Действительно, скобки на сократовской χρεία действительно звучат как александрийское дополнение к афинской экзегезе. Давайте прочитаем текст, стараясь опустить скобку χρεία:

«[…] и, поскольку его нынешняя цель [т. е. Сократа] – возвысить юношу, [и поскольку] боги являются самой первой и единственной причиной возвышения (действительно, все остальные [действующие лица], например, демоны или Сократ, выполняют подчиненную и инструментальную функцию от имени богов), именно поэтому он обратился к богам».

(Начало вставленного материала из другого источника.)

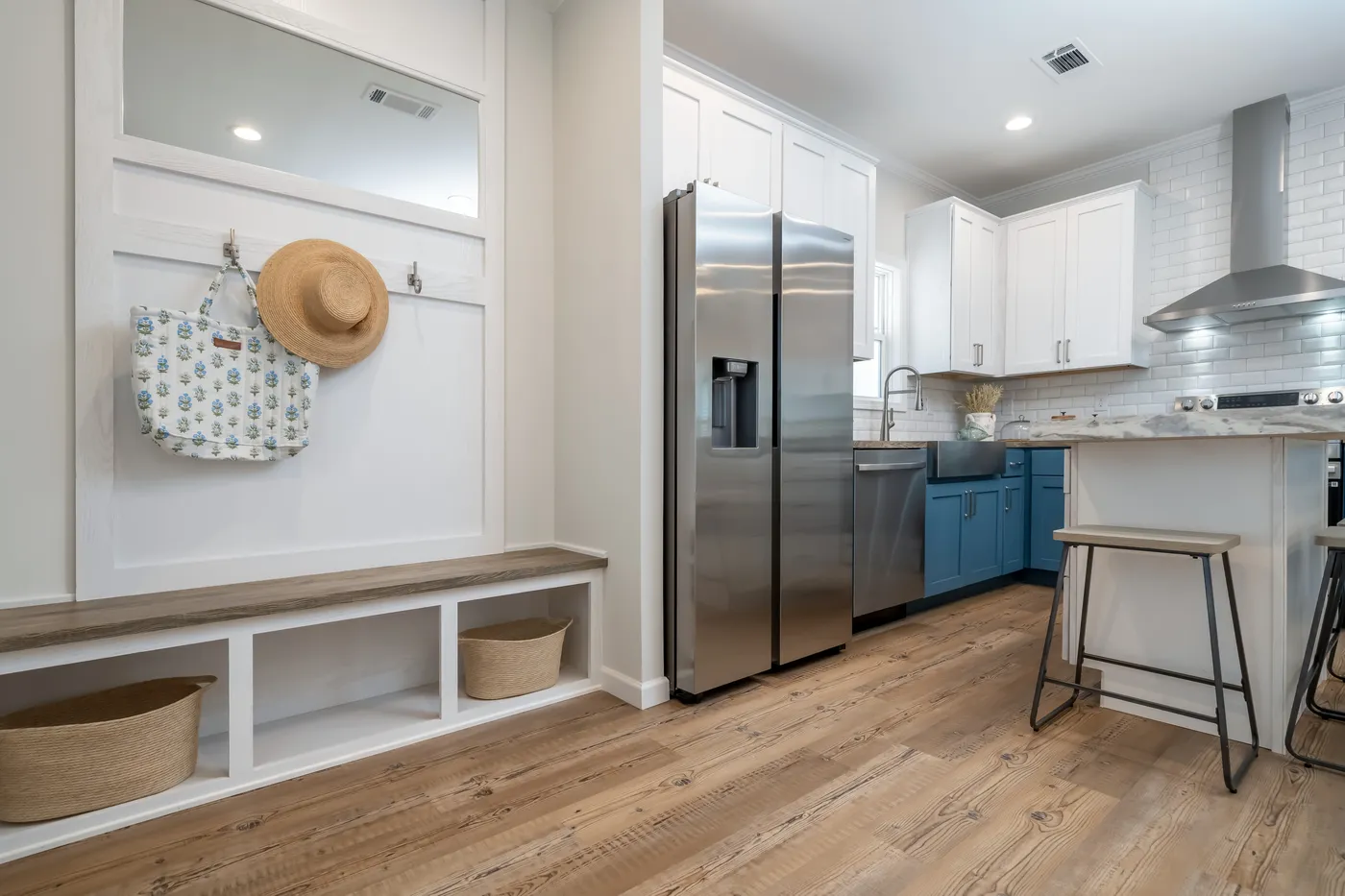 The TIFFANY Foyer. This Manufactured Mobile Home features 2 bedrooms and 2 baths.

Экзегеза очень хорошо работает даже без вспомогательной пропозиции – из-за которой она, наоборот, кажется утяжеленной – и имеет тот же тон, что и проклианские пропозиции «Элементов теологии». Длинная скобка, в самом деле, вызывает явно чрезмерное разделение между причинными предложениями (επειδή πρoκειται αύτω άνάγειν τον νέον; της δε άναγωγής πρώτοι αίτιοι και μoνοι οί θεοί) и главную пропозицию (τους θεούς επεκαλέσατο), расширяя при этом пропозицию, которая в противном случае имела бы вкус строгого силлогизма: 1) Сократ хочет духовно возвысить Федра; 2) причиной духовного возвышения являются боги; 3) Сократ обращается к богам. Действительно, конструкции такого типа довольно часто встречаются в «Комментарии», то есть нередко между каузальной пропозицией и постпозитивной главной пропозицией вводится скобка с поясняющим γάρ, за которой следует соединительный διά τούτο108. В сохранившихся работах Сириана мы не находим подобной синтаксической структуры. Впечатление, которое мы получаем от этого, состоит в том, что Гермий смиренно включил в парентезу весьма распространенную платоновскую доктрину; таким образом он сделал ее полезной и понятной для своего адресата, то есть для своего александрийского круга, который, несомненно, состоял также из христианских студентов, которые, в отличие от нас, современных, могли понять его ссылку без труда. Как утверждает Романо, конечно же, возможно, что «в связи с появлением своих дисциплин […] определенный комментарий не только подвергался модификациям и доработкам, в том числе и теоретическим, но и был предназначен для того, чтобы продержаться в качестве студийного теста в течение одного курса или в течение нескольких поколений учеников «109. Таким образом, «созревание» Гермия по отношению к афинскому преподаванию проистекает лишь из необходимости освободить место для исповедальных утех своей аудитории, как это произойдет столетие спустя в Олимпиодоре Младшем, чья характеристика Сократа, что неудивительно, «была предвосхищена Гермием в более ранней традиции».